**Task brief:**
From the data that follows, print exactly the lines starting at the one containing "Tapis De Bain" and ending at the one containing "Proxl Industrial - Acrylic"; include both of them and nothing more.

[[ Records for the exercise, beginning ]]

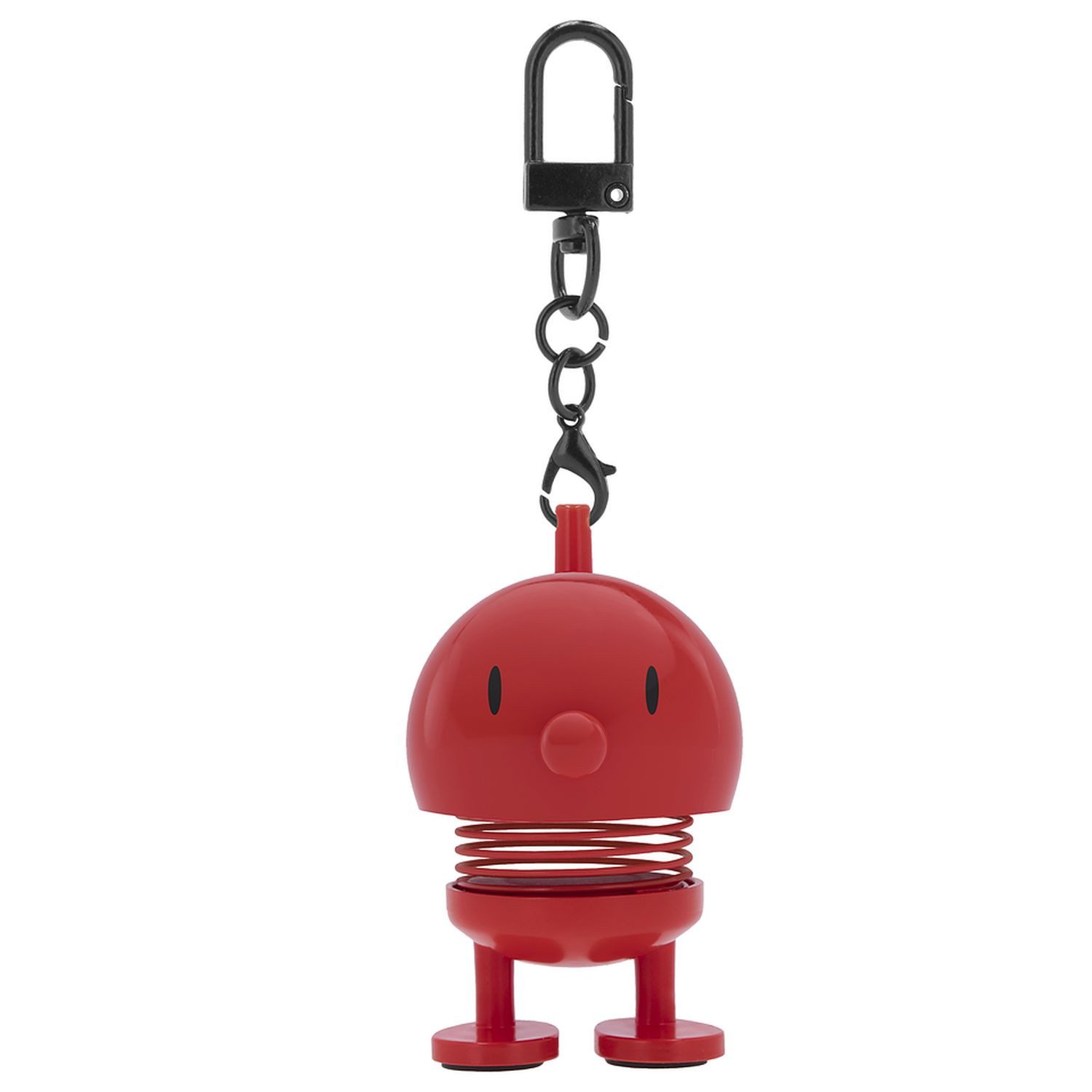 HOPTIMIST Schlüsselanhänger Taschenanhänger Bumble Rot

[[ Records for the exercise, end ]]
[[ Records for the exercise, beginning ]]

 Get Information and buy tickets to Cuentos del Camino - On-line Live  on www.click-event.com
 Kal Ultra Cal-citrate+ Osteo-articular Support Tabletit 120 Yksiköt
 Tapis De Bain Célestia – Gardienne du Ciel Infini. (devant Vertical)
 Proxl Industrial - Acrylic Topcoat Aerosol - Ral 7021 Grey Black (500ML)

[[ Records for the exercise, end ]]

**Response box:**
 Tapis De Bain Célestia – Gardienne du Ciel Infini. (devant Vertical)
 Proxl Industrial - Acrylic Topcoat Aerosol - Ral 7021 Grey Black (500ML)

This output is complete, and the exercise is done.